1006-O ADEUS DE VOVÓ BIA À FAZENDA PALMITAL
Todos os anos Vovó Bia trocava, por trinta e poucos dias, a tranquilidade da Fazenda Palmital pela vida um pouco menos sossegada da casa do irmão Chico, na rua principal da cidade. Acontecia durante o mês de Maio, quando ela ia todas as noites à capela do colégio Paula Frassinetti. Lá, durante o mês de Maria, das sete às oito da noite, as irmãs, as alunas internas e os fiéis rezavam o terço e havia a benção do Santíssimo. Era o único tempo em que ela freqüentava a igreja, pois morava na Fazenda Palmital e só vinha à cidade para esta devoção mensal. Nem mesmo na Semana Santa ela se abalava da fazenda.
Naquele ano de 1942, entretanto, foi diferente. Dona Beatriz chegou numa manhã clara de sábado. No Chevrolet “Tigre”, o pequeno caminhão da fazenda, vinha na cabine com o filho Alpineu e algumas malas e baús amarrados na carroceria. Chegava para ficar morando na grande casa do irmão.

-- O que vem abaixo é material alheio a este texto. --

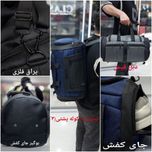 ساک ورزشی سه کاره نایک برزنتی کد 40574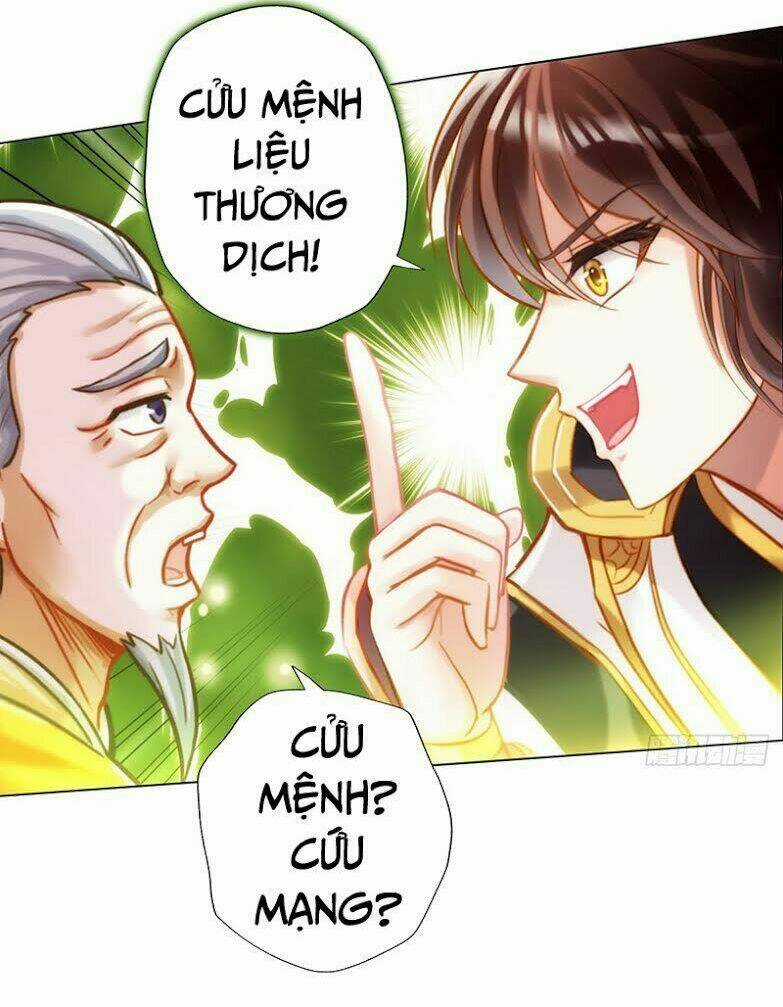 Bất Hủ Phàm Nhân Chapter 7 trang 15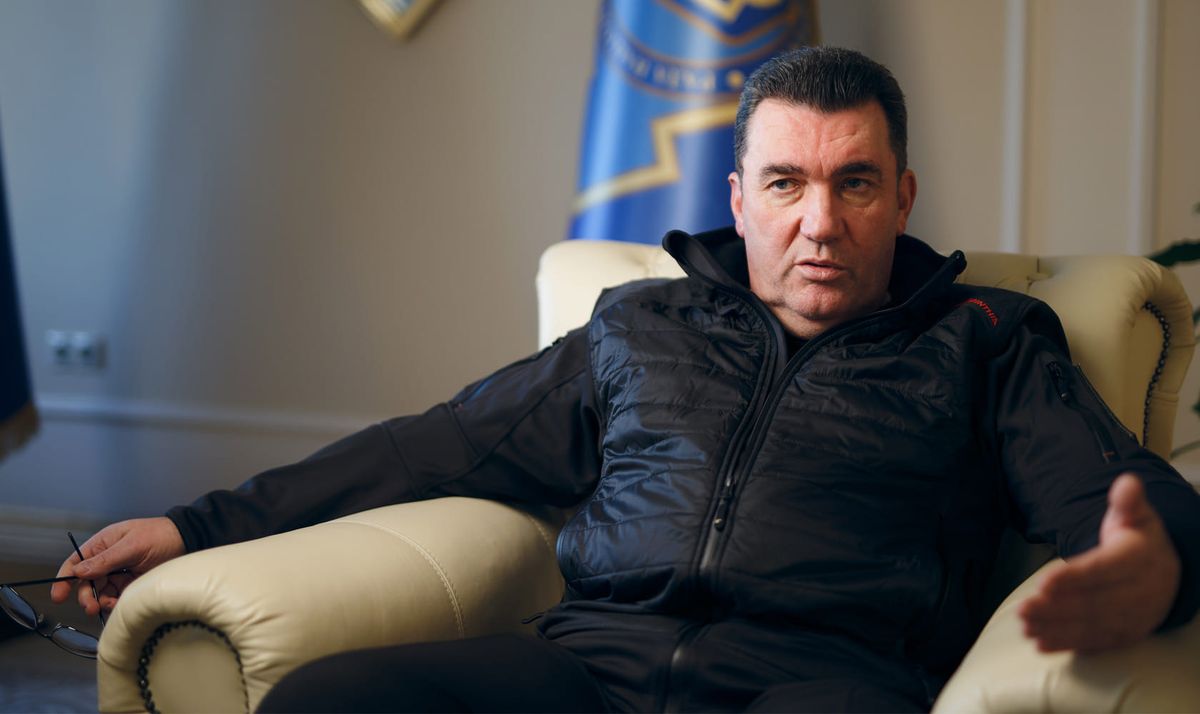 Данілов назвав пріоритет ЗСУ на теперішньому етапі війни проти Росії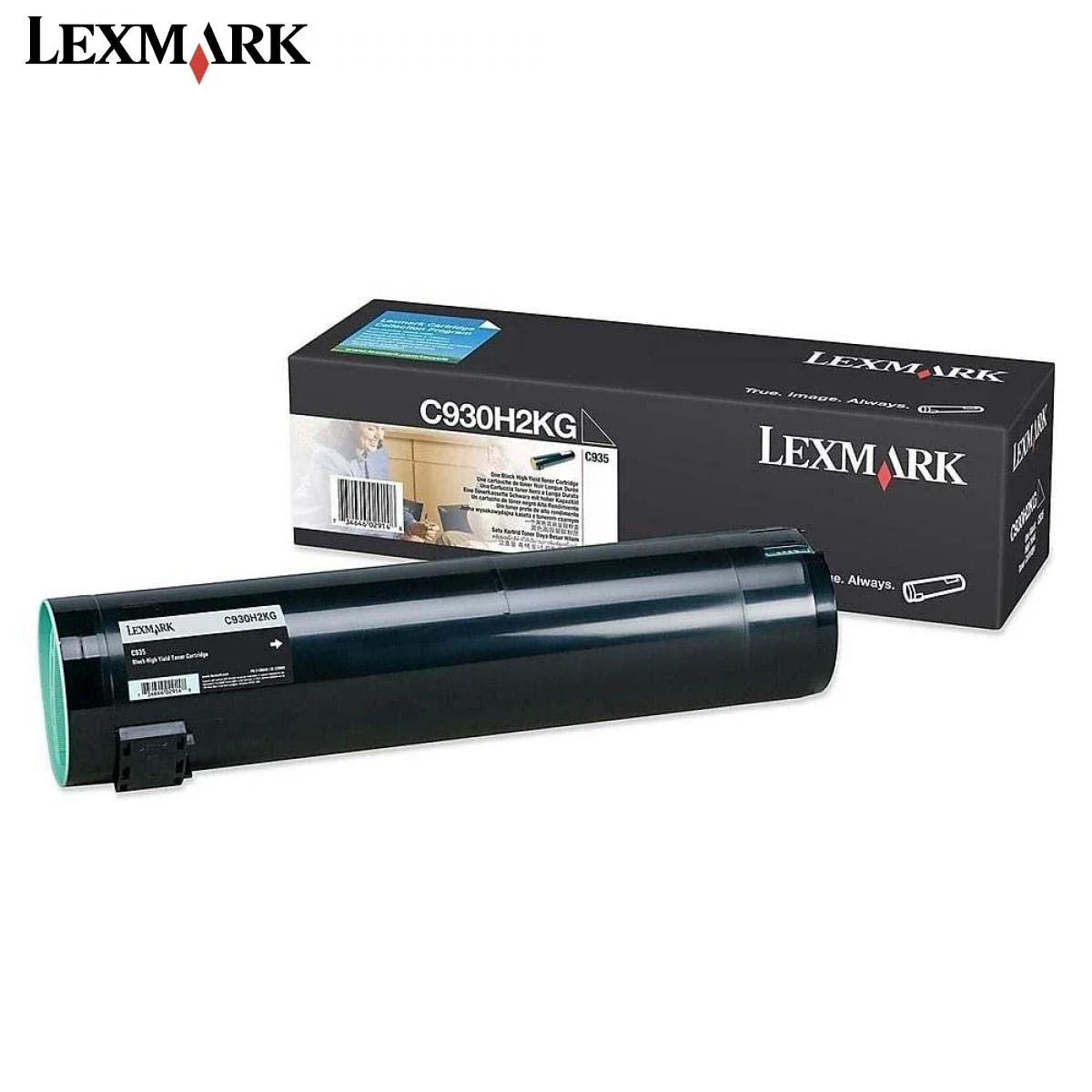 تونر Lexmark C935 أصلي أسود - 24000 صفحة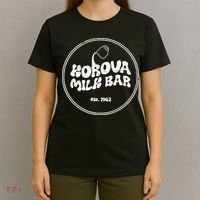 Vintage Korova Milk Bar T-Shirt thumb 4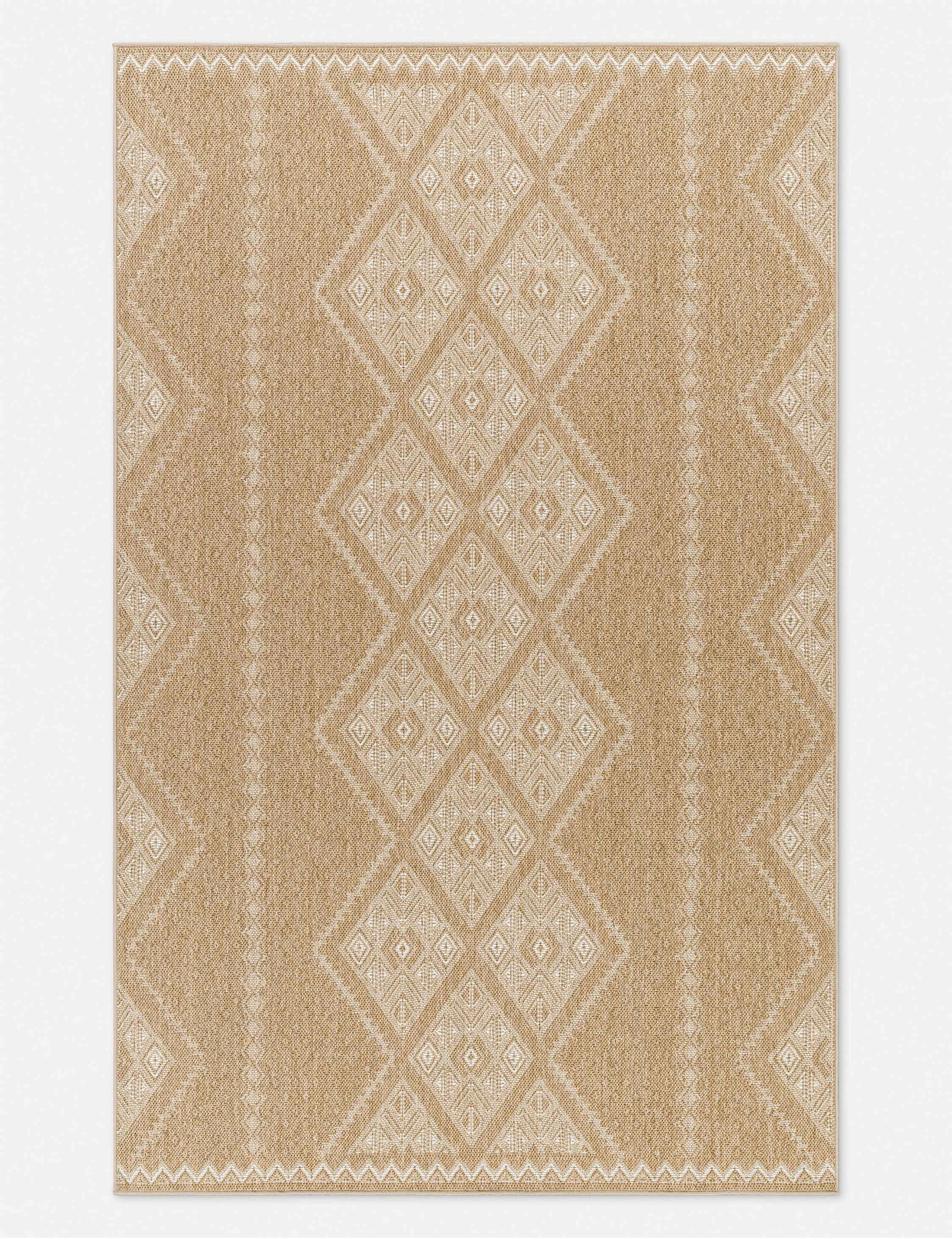 Mesny Indoor / Outdoor Rug trendy fashion rug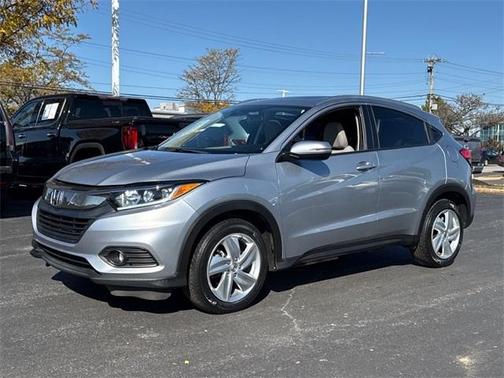 2019 Honda HR-V EX-L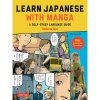 Tuttle Publishing Learn Japanese with Manga Volume Two: A Self-Study Language Guide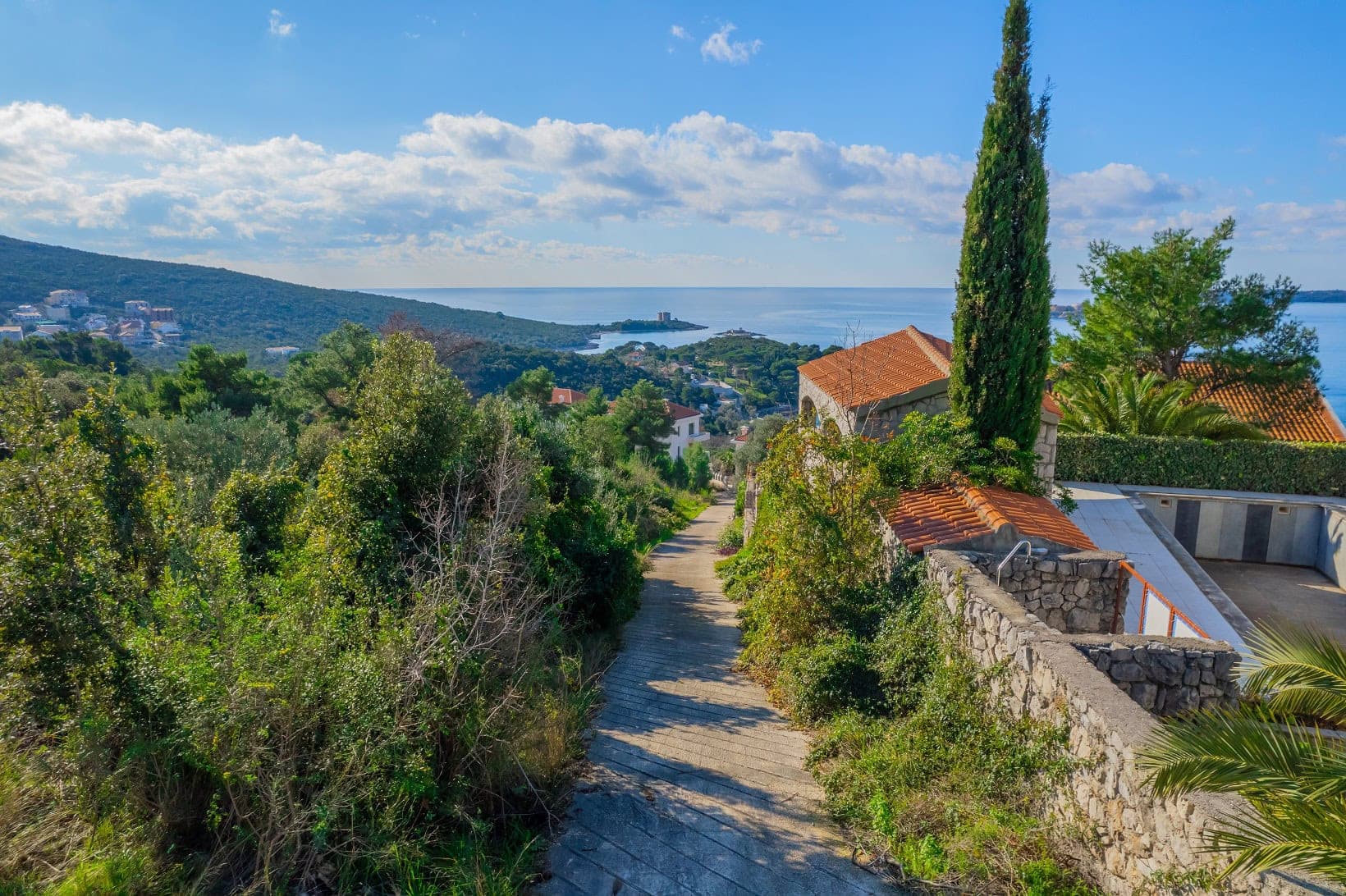Grundstück Nr. 2390, Portonovi, Herceg Novi — Immobilienfoto 6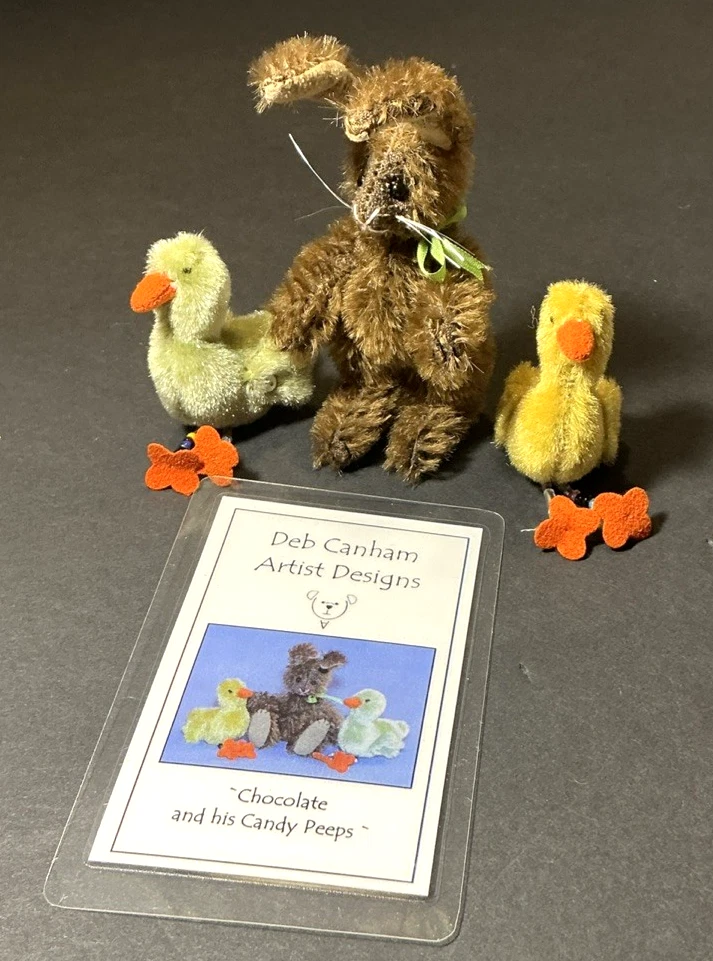 Deb Canham Teddy Bears for sale | eBay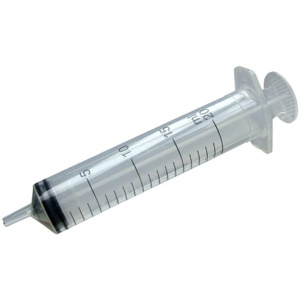 BD sprøyte Plastipak 20ml luer, eksentrisk 60 stk produktbilde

Entre fiapos de conversas, o neto Toniquinho ficou sabendo que ela não estava bem de saúde e precisava consultar médico receber tratamento cuidadoso.
Um quarto já estava preparado para ela, com janelas abrindo-se para receber o sol das manhãs; suas roupas foram dependuradas no guarda-roupa e os sapatos guardados na pequena sapateira que papai havia feito especialmente para ela. Trouxera um tapete retangular, cujo centro era de finas tiras de taquara entrelaçadas, fazendo figurinhas estranhas e com uma faixa de tricô ao redor. Como era grande demais para o quarto, foi estendido na sala de visitas. Um elemento destoante Ficou muito estranho, pois a mobília daquela sala era de cadeiras, sofás e poltronas de pés torneados, com encostos e assentos de palhinha.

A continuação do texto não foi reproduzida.